All sounds good what you are doing. I use airlocks and a few of the bungs that breath but seal... I do not go solid until I bottle. I would check on the time frame you can store in plastic carboys... I am not sure since I only use glass. 6 months and bottling is ok I guess.... The longer the better but I do know a few people that bottle after a few months. Mine goes a year and a half. I will bottle 2014 crush in March or April next year. Just make sure it is done settling or you will get sediment in your bottles.


----------



## NorCal (Dec 31, 2015)

I'm partial to these stoppers and have never had one come out. They can also be used during fermentation/mlf as they let co2 out without letting oxygen in. I would really watch your SO2 levels if you are bulk aging in plastic. I would definitely look into glass carboys and put them out if reach from the little ones.


----------



## Floandgary (Dec 31, 2015)

READ,,READ,,READ!!! Many, many posts on the reasons to use airlocks vs. solid until in the bottle and corked when aging in a solid glass unyielding carboy.


----------



## Busabill (Jan 4, 2016)

Hey Norcal, so what is the stopper to the far left with the blue thing on the partial carboy? A way to fill the carboy with gas?


----------



## Boatboy24 (Jan 4, 2016)

Busabill said:


> Hey Norcal, so what is the stopper to the far left with the blue thing on the partial carboy? A way to fill the carboy with gas?

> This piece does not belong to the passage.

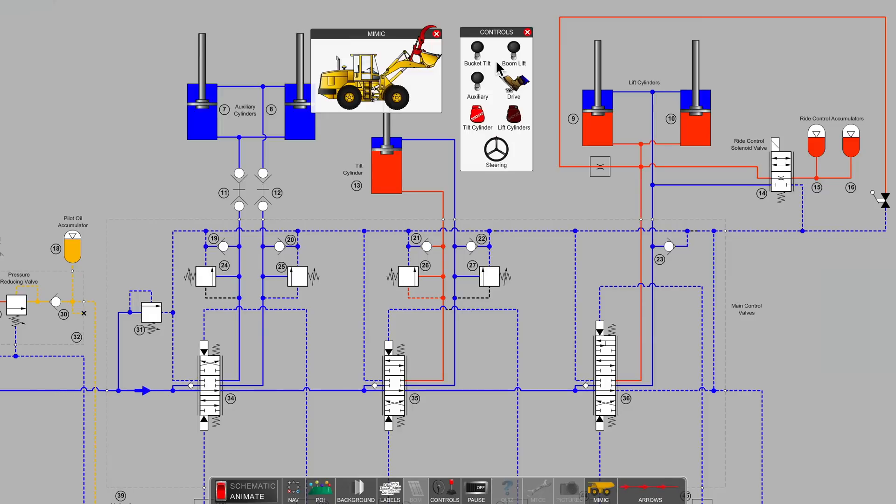But once we've got the bucket loaded and we want to travel for a distance, the ride can be pretty rough if the road isn't smooth. So to save the operator's back, a feature called ride control is implemented.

Why, its the AllInOne Headspace Eliminator! 

http://www.allinonewinepump.com/product/headspace-eliminator/


----------



## Busabill (Jan 4, 2016)

So I racked my two carboys 2 days ago coming off of MLF and each one was racked to a half inch below the bung and today I looked at them and one is about 3 inches below the bung with a bunch of the oak floating and one of them is about an inch below the bung with the oak floating. What do you think caused the levels to drop so much? The storm we have in the area with the pressure dropping? The oak was already floating so I don't think it floated up and caused it. Very weird. Is it because I'm using plastic carboys? What do you guys think? Add wine? Is it a problem if any of the oak floats with spoilage etc?. Like I said there was only a half inch of head space between the bung and the wine two days ago.


----------



## Busabill (Jan 4, 2016)

Here is a picture of the Cabernet which dropped about 3 inches.


----------



## saddlebronze (Jan 4, 2016)

The wine soaking into the oak as well as pressure and temperature changes can cause this. If the wine was room temp and you cool it, the volume will decrease. It will come back up when it warms back up. I think the wine has soaked into the oak. What I do is get a bottle of very neutral tasting merlot and top it up to the knuckle of the carboy. If you have 1/8 tsp of meta in there you should be fine for a few months. Then I would rack, re-meta and bottle. Long term storage in plastic not recommended.


----------



## Thormo (Feb 17, 2016)

We switch to solid bungs as soon as ML is complete. There is no need for an airlock as your wine is no longer "working". If your temperature variations are causing your solid bungs to pop off, then you need to find another location for your wine so that temp variations are not a factor. We hold wine for 3 years in Betterboy carboys with no issues.


----------



## JohnT (Feb 18, 2016)

Thormo said:


> We switch to solid bungs as soon as ML is complete. There is no need for an airlock as your wine is no longer "working". If your temperature variations are causing your solid bungs to pop off, then you need to find another location for your wine so that temp variations are not a factor. We hold wine for 3 years in Betterboy carboys with no issues.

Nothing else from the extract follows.